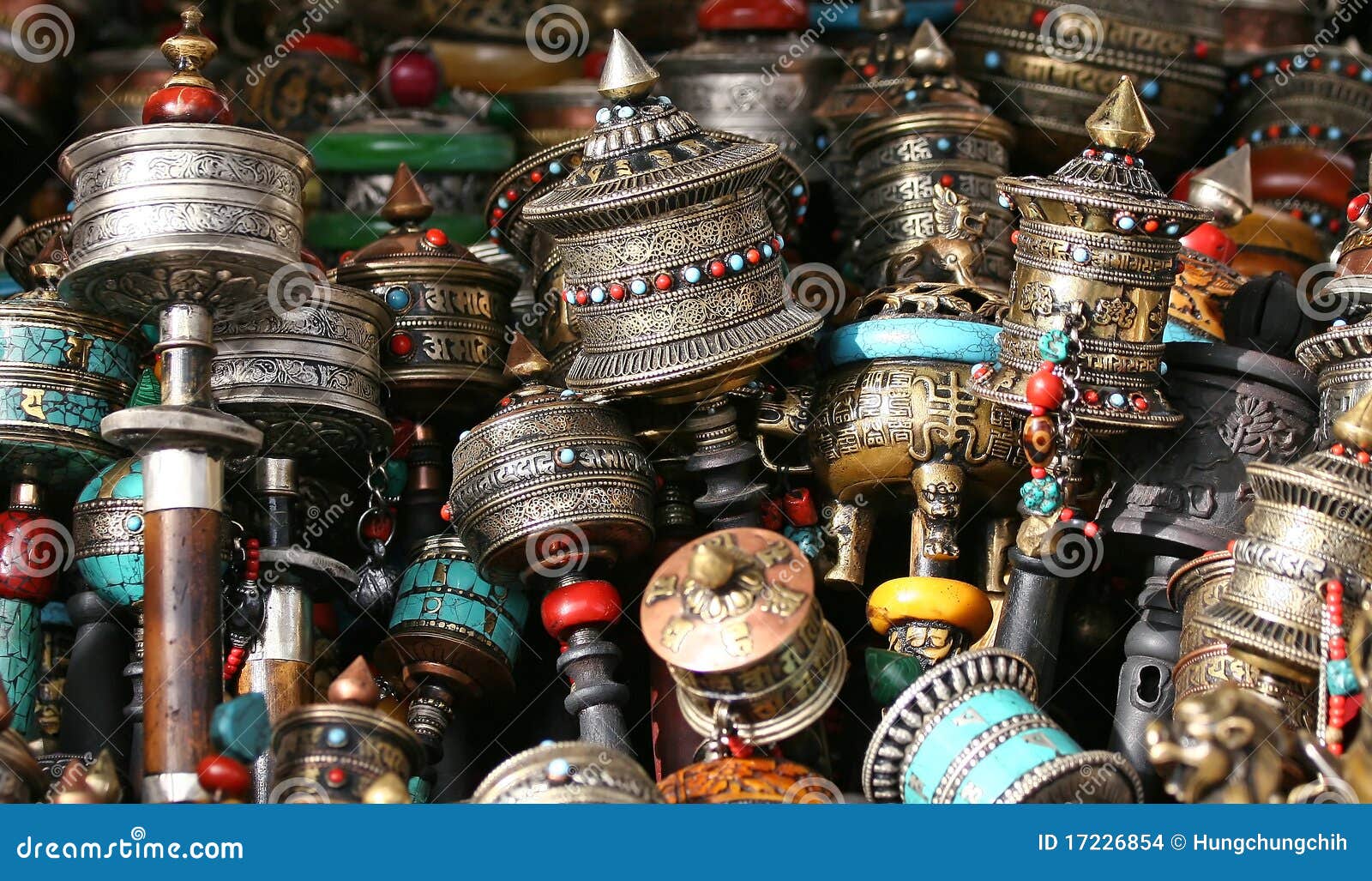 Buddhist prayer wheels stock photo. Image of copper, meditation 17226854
==
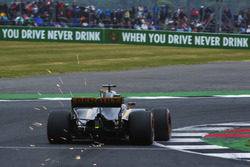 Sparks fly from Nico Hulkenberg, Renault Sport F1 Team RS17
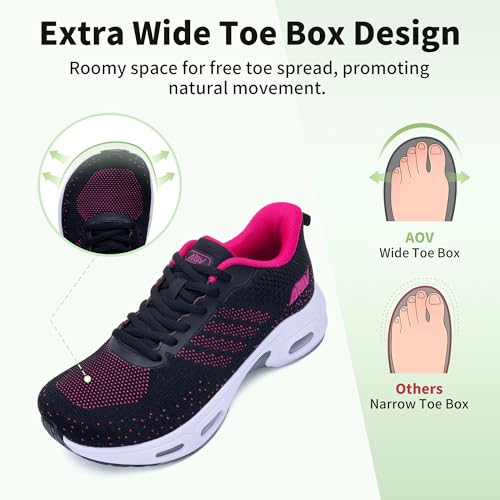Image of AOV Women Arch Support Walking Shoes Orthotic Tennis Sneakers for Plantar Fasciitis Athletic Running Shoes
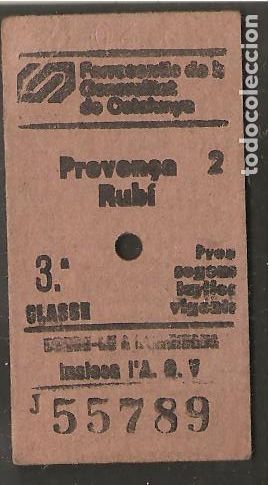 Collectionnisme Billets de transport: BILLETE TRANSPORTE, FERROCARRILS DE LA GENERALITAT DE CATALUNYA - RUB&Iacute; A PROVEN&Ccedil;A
* * *
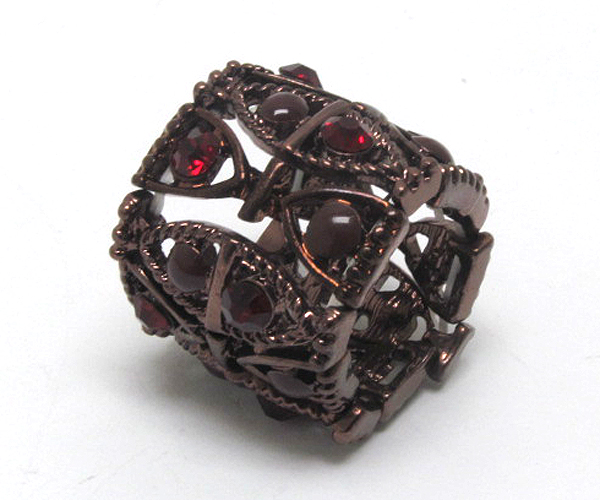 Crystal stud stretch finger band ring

WHAT THIS TASK INVOLVES: Set the pictures aside and transcribe exactly the stretch of lines above, beginning with the one holding "Image of AOV" and ending with the one holding "Collectionnisme Billets de".

TASK SOLUTION:
Image of AOV Women Arch Support Walking Shoes Orthotic Tennis Sneakers for Plantar Fasciitis Athletic Running Shoes
 Collectionnisme Billets de transport: BILLETE TRANSPORTE, FERROCARRILS DE LA GENERALITAT DE CATALUNYA - RUB&Iacute; A PROVEN&Ccedil;A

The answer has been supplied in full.